:: Supplied data

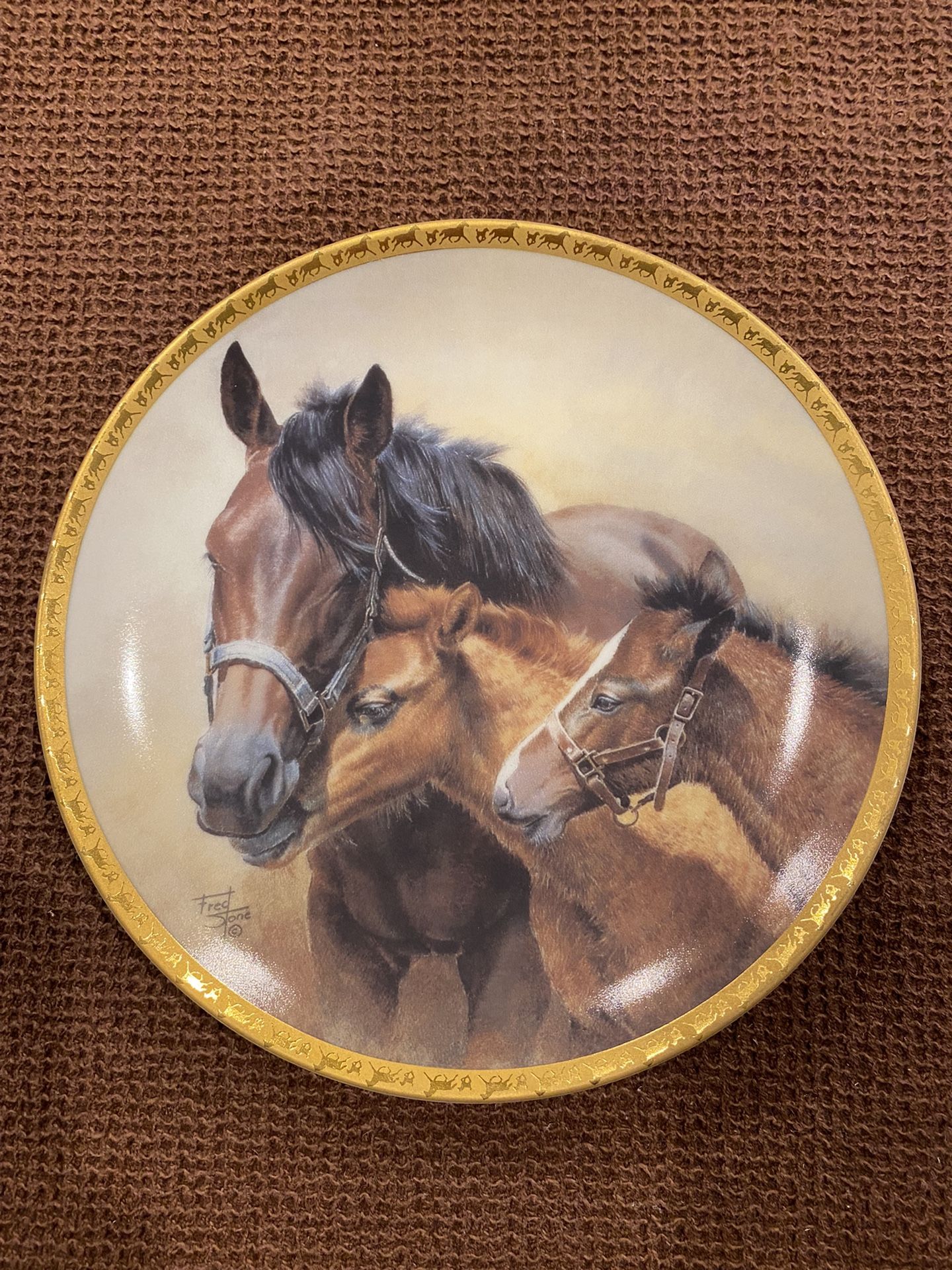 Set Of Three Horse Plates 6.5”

::::
:: Supplied data

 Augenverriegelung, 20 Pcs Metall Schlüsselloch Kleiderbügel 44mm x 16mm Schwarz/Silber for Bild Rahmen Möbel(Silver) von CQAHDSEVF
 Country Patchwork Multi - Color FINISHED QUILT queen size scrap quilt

::::
:: Supplied data

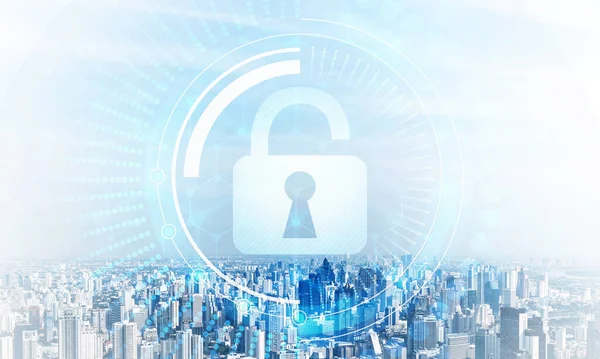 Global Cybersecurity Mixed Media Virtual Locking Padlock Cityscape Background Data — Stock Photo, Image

::::

Problem to work on:
Produce a word-for-word copy of everything above from the line holding "Augenverriegelung, 20 Pcs" down to the line holding "Country Patchwork Multi", with both of those lines kept.

Expected answer:
 Augenverriegelung, 20 Pcs Metall Schlüsselloch Kleiderbügel 44mm x 16mm Schwarz/Silber for Bild Rahmen Möbel(Silver) von CQAHDSEVF
 Country Patchwork Multi - Color FINISHED QUILT queen size scrap quilt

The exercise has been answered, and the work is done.